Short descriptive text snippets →
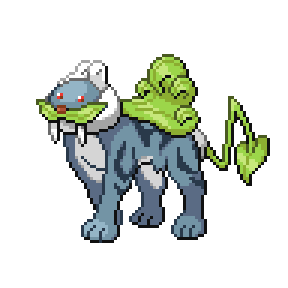 Oddkou Sprite Image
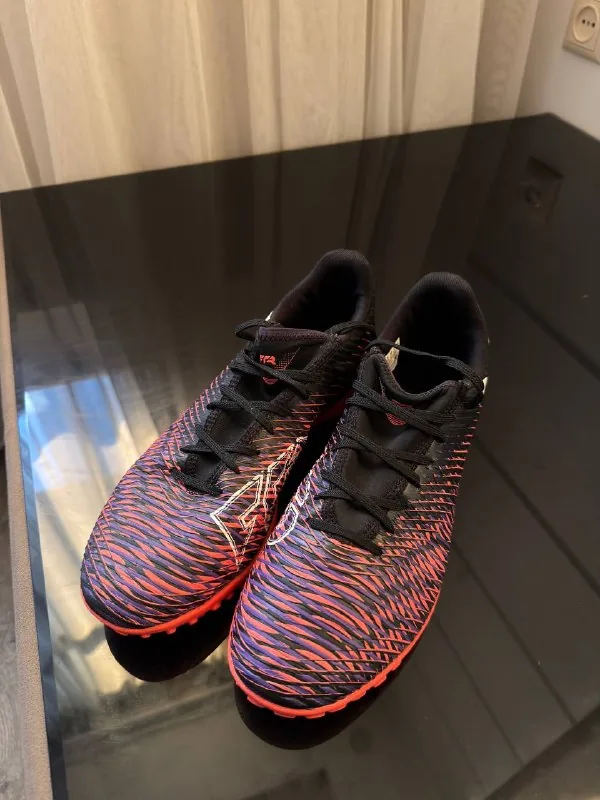 Сороконожки Puma 1
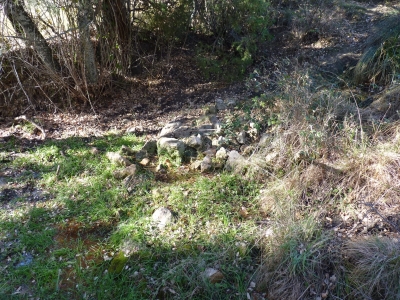 Fuente de Juan Lengua II - imagen 2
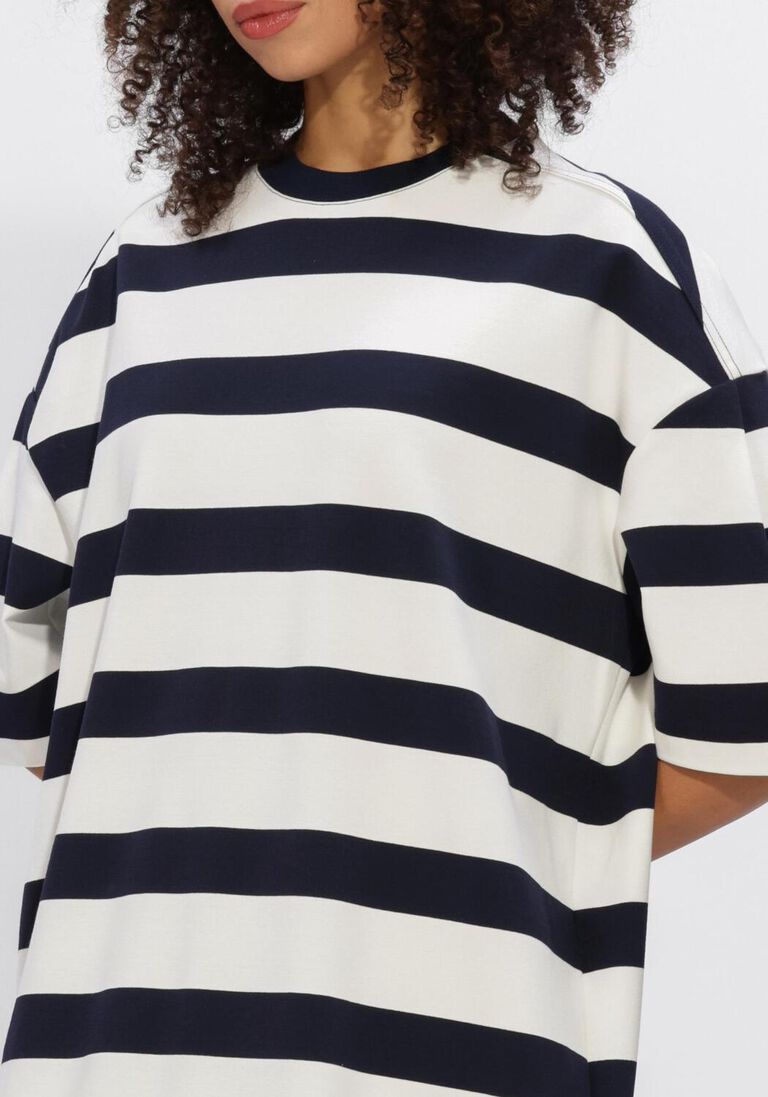 multi max mara mini jurk mela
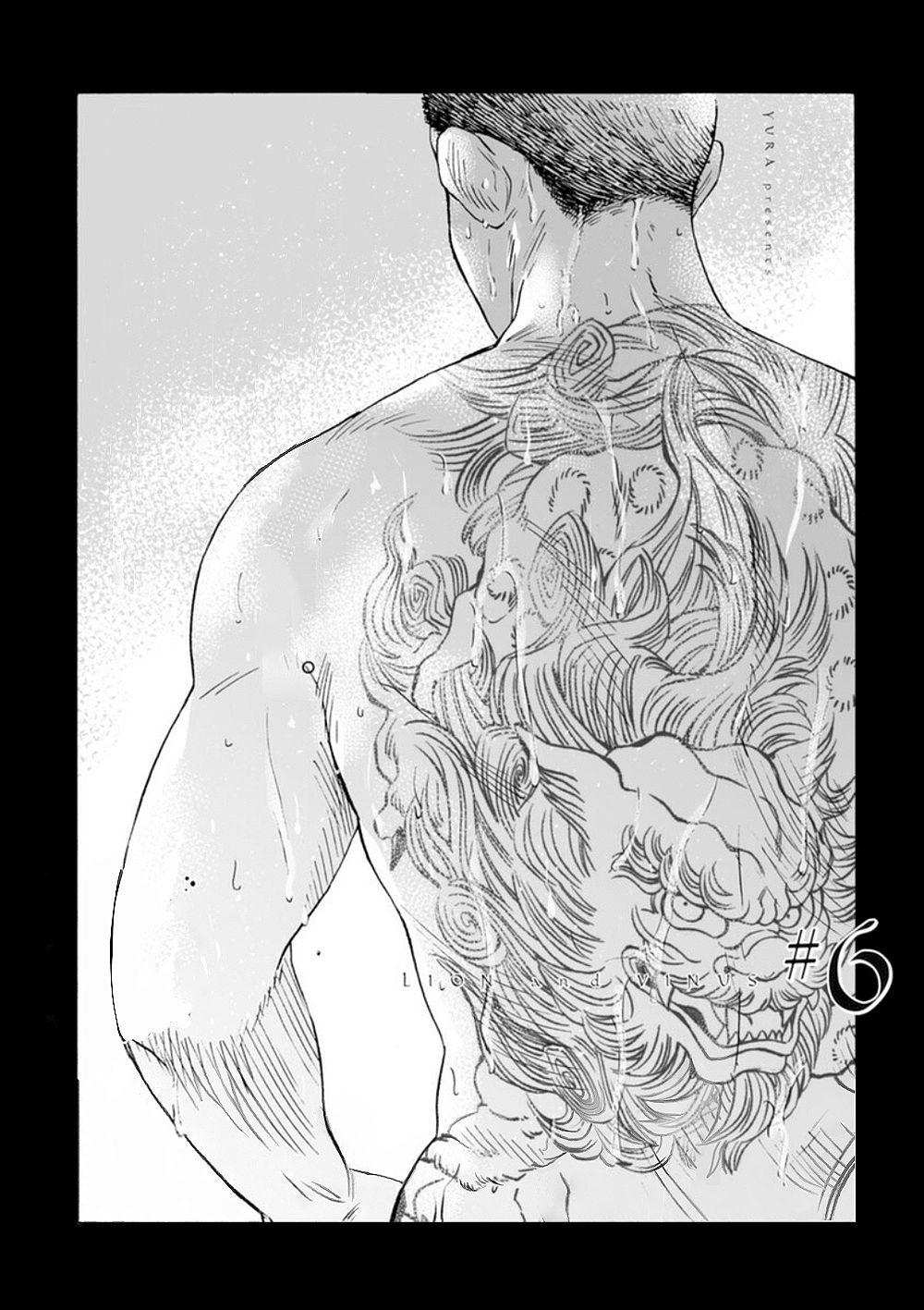 Page 3 of Chapter 6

Task objective →
Would you please restate the records word for word, excluding any images?

Exercise solution →
 Oddkou Sprite Image
 Сороконожки Puma 1
 Fuente de Juan Lengua II - imagen 2
 multi max mara mini jurk mela
 Page 3 of Chapter 6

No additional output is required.